Use harvesting when you need to:
- Collect datasets from partner organisations or multiple European data portals
- Stay synchronised with external data repositories
- Reduce manual data entry and maintenance effort
What gets harvested:
- Dataset metadata (titles, descriptions, keywords)
- Resource links (URLs to data files)
- Contact information and licences
- Update timestamps and versioning information
Harvesting workflow
The diagram below shows how data flows from external sources through the GDI Data Catalogue to the public-facing GDI Data Portal:
Supported source types
The GDI Data Catalogue can harvest from:
- FAIR Data Points: Research data repositories that follow FAIR principles
- HealthDCAT-AP endpoints: European data portals using the HealthDCAT-AP standard for health data
The GDI platform is HealthDCAT-AP compliant, following European standards for health data catalogues to ensure interoperability across the health data ecosystem.
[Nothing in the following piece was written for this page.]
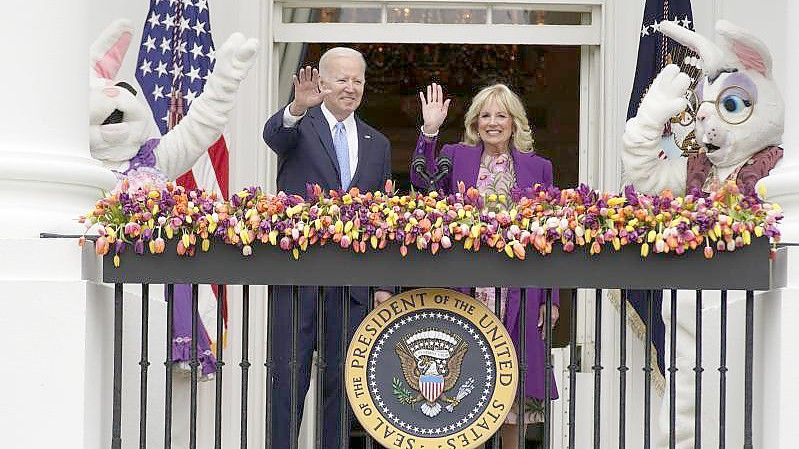 Joe und Jill Biden in Osterlaune. Foto: Andrew Harnik/AP/dpa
Learn how to add harvest sources
How harvesting works
-
Initial setup: Connect your data source by configuring a harvest source in the catalogue. You specify the source URL, type, and authentication details.
-
First harvest: The harvester performs an initial import of all datasets from the source into your catalogue. The initial import starts automatically at the next quarter-hour boundary (:00, :15, :30, or :45). For example, if you set up the source at 10:31, the first harvest starts at 10:45.
-
Scheduled harvests: After the first harvest completes, the harvester runs automatically on a daily schedule at the same quarter-hour boundary. This ensures consistent, predictable harvest timing for monitoring and troubleshooting. Following the same example above, subsequent harvests would occur daily at 10:45.
-
Change detection: During each scheduled harvest, the harvester compares the source data with the existing datasets.
- New datasets from the source are added to your catalogue
- Updated datasets are refreshed with current metadata
- Datasets deleted at the source are removed from your catalogue
- All changes are logged for review
-
Publication to Data Portal: Public harvested datasets appear in the GDI Data Portal↗ after import to the catalogue. Private datasets remain visible only to members of your organisation.